Value sizes match the original trace (unless noted otherwise in the value-size benchmark). Each system sees the same
operations in the same order; only the system being tested changes.
The internal trace-bench harness isn’t open source yet, but Swytch ships with built-in micro-benchmarks for the cache
engine, Redis command handling, and effects layer. Swytch also works with the standard redis-benchmark tool.
go test -bench=. -benchmem ./cache/
These benchmarks exercise the CloxCache (L0 in-memory layer) directly, without Redis protocol overhead:
| Benchmark | Description |
|---|---|
BenchmarkCloxCacheGet | Parallel GET on 10k keys |
BenchmarkCloxCachePut | Parallel PUT operations |
BenchmarkCloxCacheMixed | 80% read / 20% write workload, reports hit rate and evictions |
BenchmarkCloxCacheZipf | Zipf distribution (theta=0.99) simulating realistic hotspot access |
BenchmarkCloxCacheContention | High contention on 100 hot keys |
BenchmarkCloxCacheSizes | Scaling across Small, Medium, Large, and XLarge cache sizes |
BenchmarkCloxCachePointers | Pointer-type values |
Each benchmark has a sync.Map variant for comparison.

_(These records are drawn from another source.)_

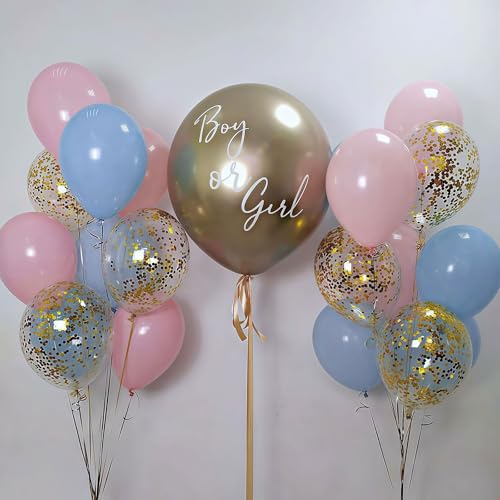 Image of Balloons Pink and Blue, 60 Pack 12 Inch Pastel Light Pink Blue with Metallic Gold Confetti Balloons for Birthday, Gender Reveal, Baby Shower, Boy or Girl Party Decoration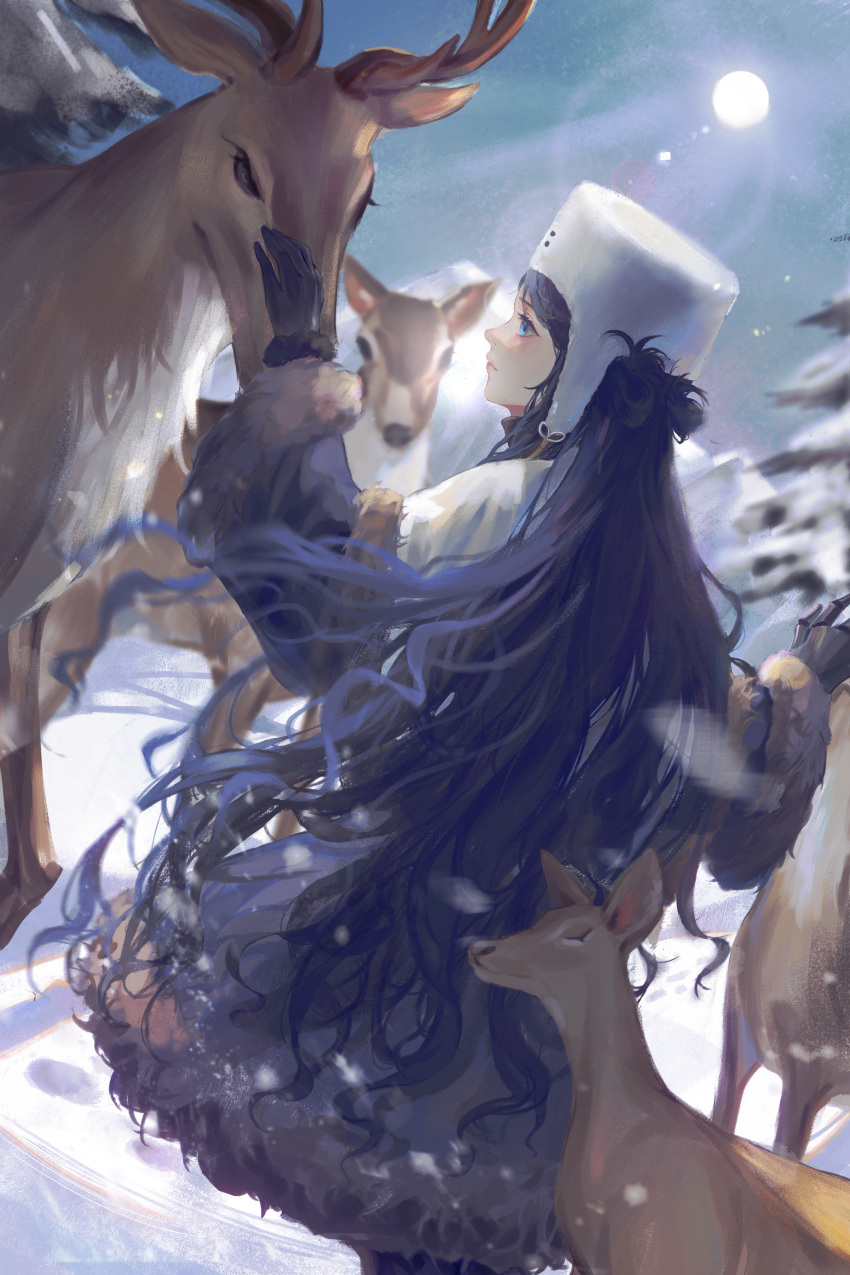 1girl, absurdres, black_dress, black_gloves, black_hair, blue_eyes, chinese_commentary, commentary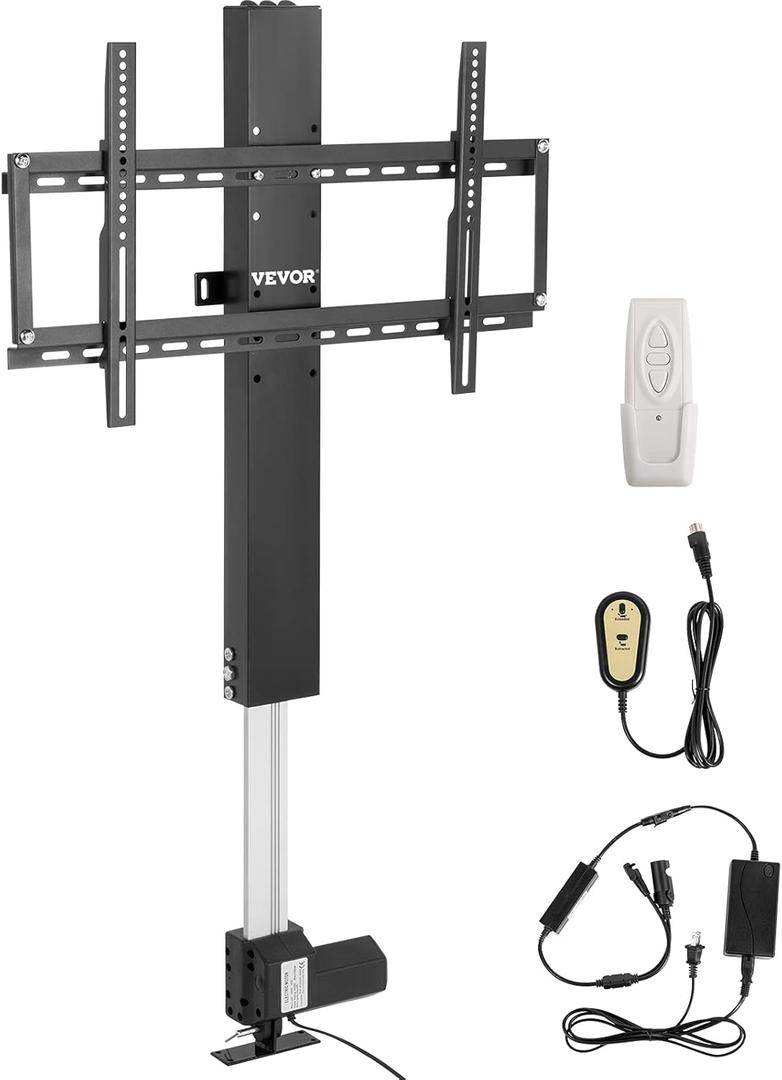VEVOR Motorized TV Lift Stroke Length 31 Inches Motorized TV Mount Fit for Max.60 Inch Lift with Remote Control Height Adjustable 42-73 Inch,Load Capacity 132 Lbs
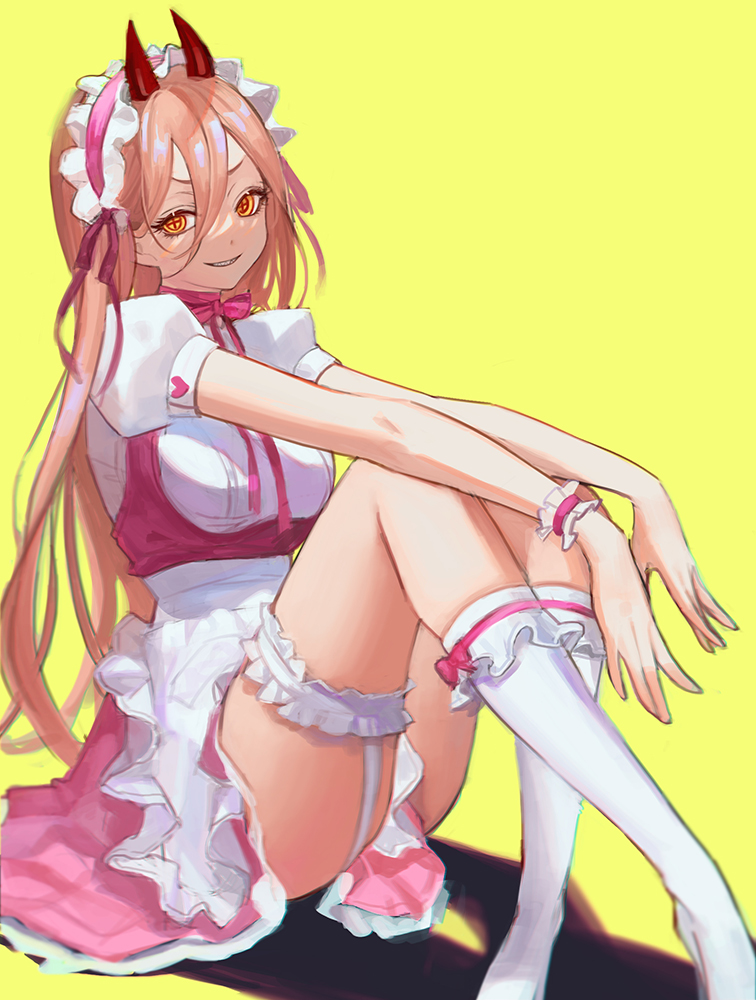 ass, big ass, chainsaw man, demon horns, female, female only, garter, garter straps, light skin, light-skinned female, maid, maid uniform, oto (artist), power (chainsaw man), shounen jump, socks, upskirt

go test -bench=. -benchmem ./redis/
Exercises the full Redis command pipeline including parsing, execution, and response writing:
| Benchmark | Description |
|---|---|
BenchmarkHandler_Set | SET command throughput |
BenchmarkHandler_Get | GET command throughput (pre-populated 10k keys) |
BenchmarkHandler_Incr | INCR atomic counter |
BenchmarkHandler_IncrBy | INCRBY atomic counter |
BenchmarkHandler_LPush | LPUSH list operations |
BenchmarkHandler_RPush | RPUSH list operations |
BenchmarkHandler_LPop | LPOP list operations |
BenchmarkHandler_RPop | RPOP list operations |
BenchmarkHandler_LRange | LRANGE range queries |
BenchmarkHandler_LIndex | LINDEX positional lookup |
BenchmarkHandler_HSet | HSET hash field writes |
BenchmarkHandler_HGet | HGET hash field reads |
BenchmarkHandler_HGetAll | HGETALL full hash retrieval |
BenchmarkHandler_HIncrBy | HINCRBY atomic hash field increment |
BenchmarkHandler_Mixed | 80/20 read/write mixed workload |
BenchmarkHandler_Parallel | Multi-goroutine GET/SET |
BenchmarkHandler_LargeValues | 10 KB value SET/GET |
BenchmarkHandler_LPushScalability | LPUSH scaling from 1k to 10M list elements |
go test -bench=. -benchmem ./effects/
Benchmarks for the causal effect resolution layer.
Swytch is compatible with the standard tool:
# Basic throughput test
redis-benchmark -p 6379 -n 100000 -c 50
# GET/SET only
redis-benchmark -p 6379 -t set,get -n 1000000 -c 100
# Pipeline mode (higher throughput)
redis-benchmark -p 6379 -t set,get -n 1000000 -P 16
# With specific key size and value size
redis-benchmark -p 6379 -t set,get -d 256 -r 1000000
| Flag | Description |
|---|---|
-n | Total number of requests |
-c | Number of parallel connections |
-P | Pipeline N requests per connection |
-t | Comma-separated list of commands to benchmark |
-d | Data size in bytes for SET values |
-r | Use random keys from a range of this size |
-q | Quiet mode (show only requests/sec) |
For reproducible cache evaluations, trace files are available from the CMU PDL twemcache workload dataset.